Last updated on February 1, 2021
Progenitus | Illustration by Jaime Jones
We’ve talked about pretty much every MTG format there is here on Draftsim, but recently I came across a discussion that’s been going on for a while. Commander is something we’ve touched on in quite a few articles, but we’re going to go a bit deeper today.
For those of you who aren’t familiar with the Commander format, it’s one of the most popular ways to play MTG, and the predecessor to MTGA’s Brawl. As the name suggests, you pick a legendary creature to act as your Commander and to lead you. The colors of your chosen commander become your “color identity.”

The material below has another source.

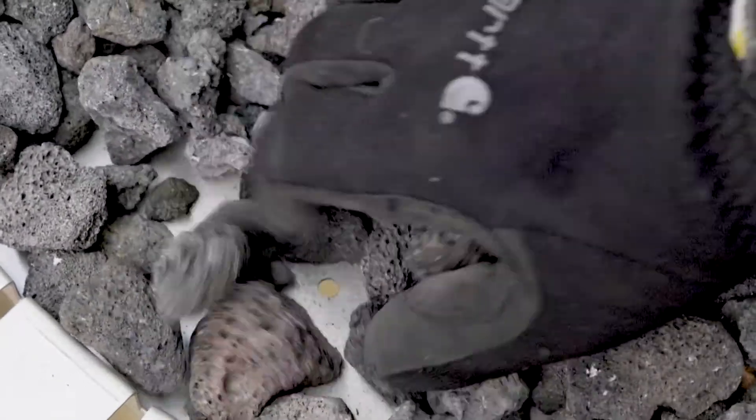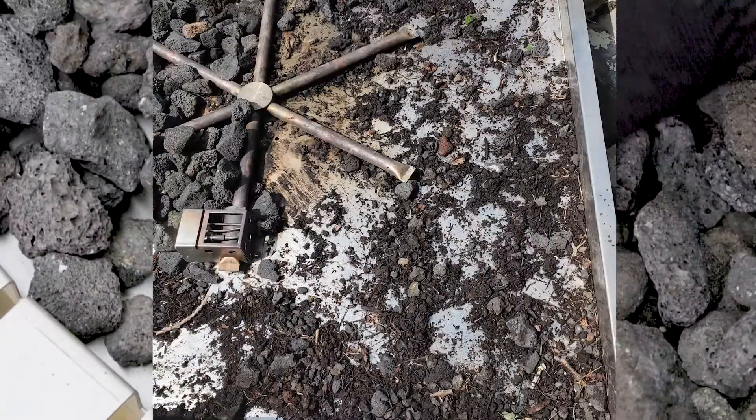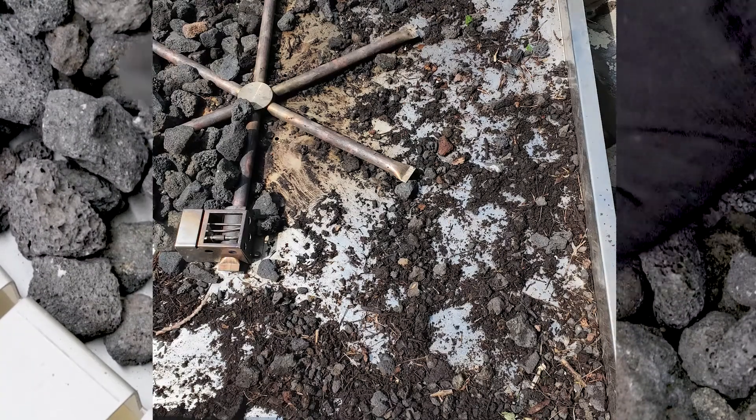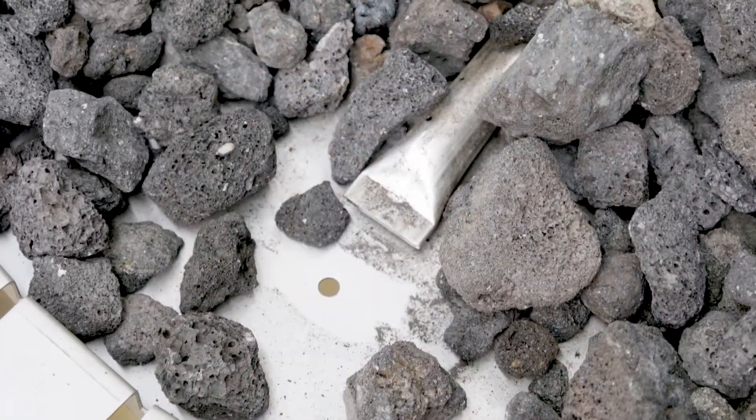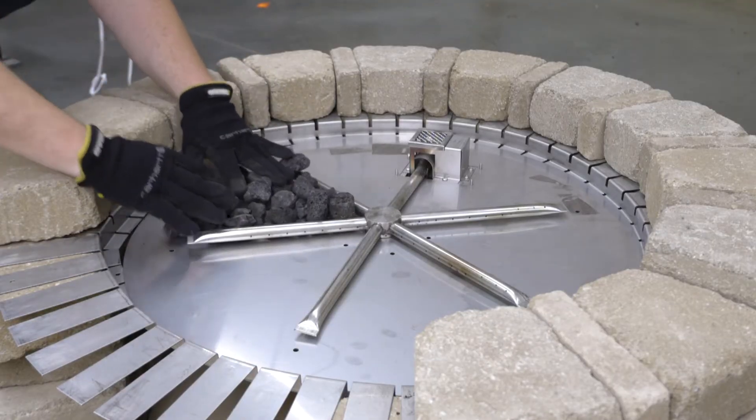Excess dust and sand from media, as well as seasonal buildup from leaves, dust, and dirt may be blocking the weep holes to relieve water. Remove all media and unplug weep holes. Clean or install new media free of dust and dirt.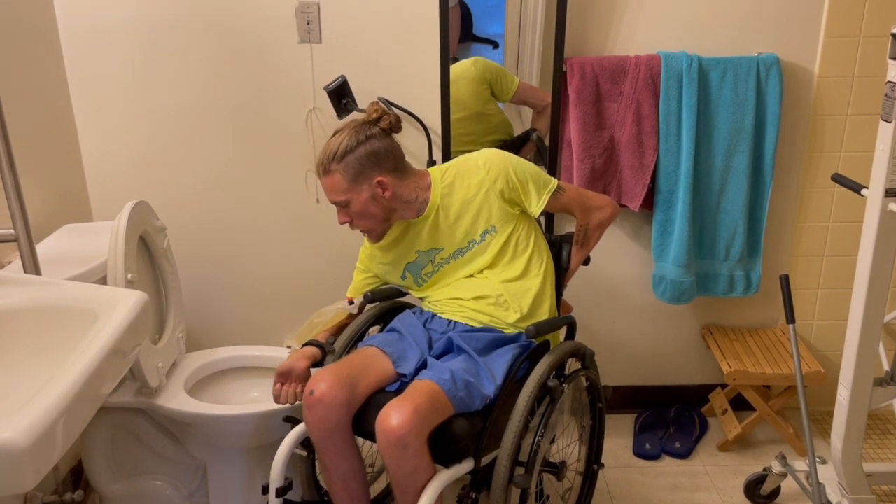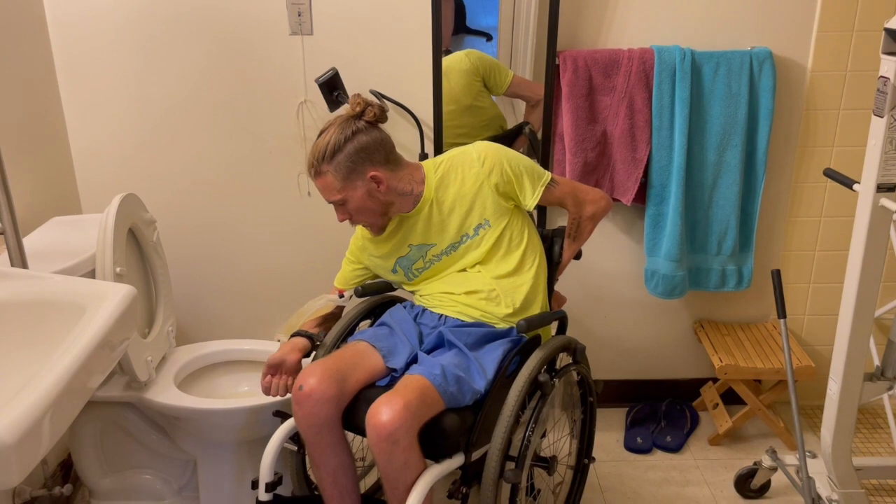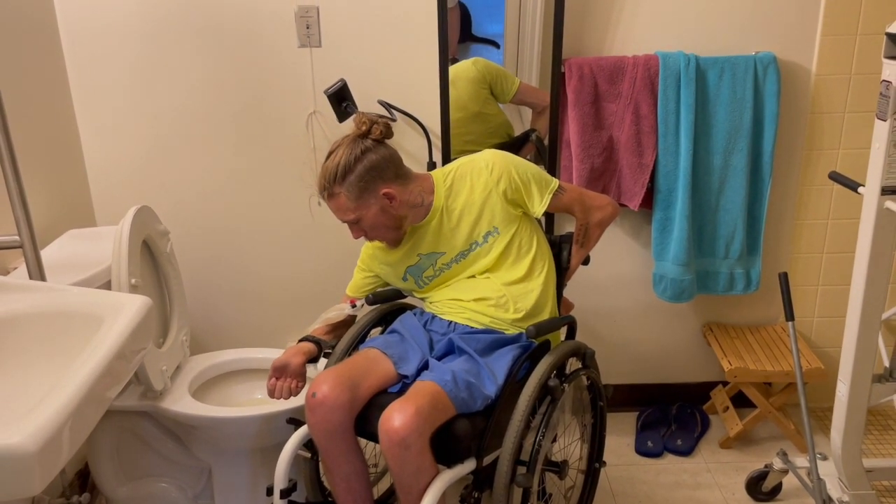It's kind of full now, so overflowing a bit. I usually don't let it fill up this much, but then I just use the crook of my arm to empty it.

Morophon, the Boundless | Illustration by Victor Adame Minguez
You must construct your deck within the limits of your color identity, which is one of the key features of Commander. Your commander’s color identity includes both their mana cost and the mana cost for any of their abilities. Since you need to have exactly 100 cards in your deck and there are only 76 banned cards (while Commander’s card pool includes almost all official sets), this kind of limitation is what makes the game more tactical.

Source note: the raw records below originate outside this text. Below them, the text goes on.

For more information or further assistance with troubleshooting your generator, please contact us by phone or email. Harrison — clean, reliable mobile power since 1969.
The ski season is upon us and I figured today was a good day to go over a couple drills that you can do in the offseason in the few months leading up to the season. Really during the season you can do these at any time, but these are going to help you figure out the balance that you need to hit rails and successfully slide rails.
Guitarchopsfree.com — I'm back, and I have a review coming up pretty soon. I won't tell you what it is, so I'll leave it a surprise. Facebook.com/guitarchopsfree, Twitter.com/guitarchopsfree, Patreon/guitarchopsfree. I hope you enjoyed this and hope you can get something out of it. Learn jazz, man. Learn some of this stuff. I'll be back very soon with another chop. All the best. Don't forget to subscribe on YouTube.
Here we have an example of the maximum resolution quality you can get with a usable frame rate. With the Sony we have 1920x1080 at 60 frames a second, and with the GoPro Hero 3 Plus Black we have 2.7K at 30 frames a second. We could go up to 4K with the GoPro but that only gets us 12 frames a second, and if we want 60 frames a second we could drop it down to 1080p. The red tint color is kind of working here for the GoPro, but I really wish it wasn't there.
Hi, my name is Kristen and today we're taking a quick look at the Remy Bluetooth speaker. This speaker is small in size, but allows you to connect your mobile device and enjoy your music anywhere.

As you can imagine, though, there are some potential commanders that offer you all the colors. Let’s talk about that.
The List of Five Color Commanders
There are some commanders out there that “break” the color identity rule, in a sense. These are called “5-color commanders,” since they have a color identity which includes all five of MTG’s colors.
This means that every card that’s legal in Commander follows your commander’s color identity and can be used in your deck. Some players argue that this is a cool thing, while others say that even though it’s within the rules, having access to all colors is against the spirit of the format.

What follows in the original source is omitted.